WHAT IS NEEDED = Among the entries below, find the lines with the word "Centro" and copy them.

RECORDS TO USE =
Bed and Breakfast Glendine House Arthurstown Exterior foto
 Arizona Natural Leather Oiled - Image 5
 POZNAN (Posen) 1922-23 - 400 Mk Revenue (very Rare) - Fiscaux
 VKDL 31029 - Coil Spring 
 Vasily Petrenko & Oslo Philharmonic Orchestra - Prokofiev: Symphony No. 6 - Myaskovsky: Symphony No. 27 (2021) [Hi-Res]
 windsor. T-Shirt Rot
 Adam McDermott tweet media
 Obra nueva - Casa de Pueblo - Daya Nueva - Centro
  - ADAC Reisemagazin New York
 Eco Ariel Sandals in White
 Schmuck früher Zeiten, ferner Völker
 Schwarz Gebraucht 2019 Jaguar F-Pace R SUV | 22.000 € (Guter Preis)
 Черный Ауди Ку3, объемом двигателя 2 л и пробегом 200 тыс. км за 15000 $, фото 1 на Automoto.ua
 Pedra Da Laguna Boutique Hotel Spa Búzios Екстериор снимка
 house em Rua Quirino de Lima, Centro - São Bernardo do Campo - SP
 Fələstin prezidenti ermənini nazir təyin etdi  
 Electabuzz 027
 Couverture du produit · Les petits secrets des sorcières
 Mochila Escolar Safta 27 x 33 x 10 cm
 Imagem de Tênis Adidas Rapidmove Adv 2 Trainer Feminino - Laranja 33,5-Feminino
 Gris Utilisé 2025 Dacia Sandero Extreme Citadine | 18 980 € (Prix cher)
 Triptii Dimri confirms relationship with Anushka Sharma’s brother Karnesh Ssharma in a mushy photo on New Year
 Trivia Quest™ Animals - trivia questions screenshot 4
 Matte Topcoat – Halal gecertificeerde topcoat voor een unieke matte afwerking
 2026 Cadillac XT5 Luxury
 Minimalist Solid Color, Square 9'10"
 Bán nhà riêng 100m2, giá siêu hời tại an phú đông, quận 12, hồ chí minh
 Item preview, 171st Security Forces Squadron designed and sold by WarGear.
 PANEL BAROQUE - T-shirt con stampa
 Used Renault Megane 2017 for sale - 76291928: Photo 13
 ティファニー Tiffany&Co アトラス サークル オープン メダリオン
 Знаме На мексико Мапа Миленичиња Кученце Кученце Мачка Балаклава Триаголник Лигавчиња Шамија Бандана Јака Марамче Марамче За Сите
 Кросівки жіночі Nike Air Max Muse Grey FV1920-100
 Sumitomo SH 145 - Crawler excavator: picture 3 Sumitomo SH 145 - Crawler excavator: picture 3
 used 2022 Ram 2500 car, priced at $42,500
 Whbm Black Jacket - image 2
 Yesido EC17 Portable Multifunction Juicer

EXPECTED OUTPUT =
 Obra nueva - Casa de Pueblo - Daya Nueva - Centro
 house em Rua Quirino de Lima, Centro - São Bernardo do Campo - SP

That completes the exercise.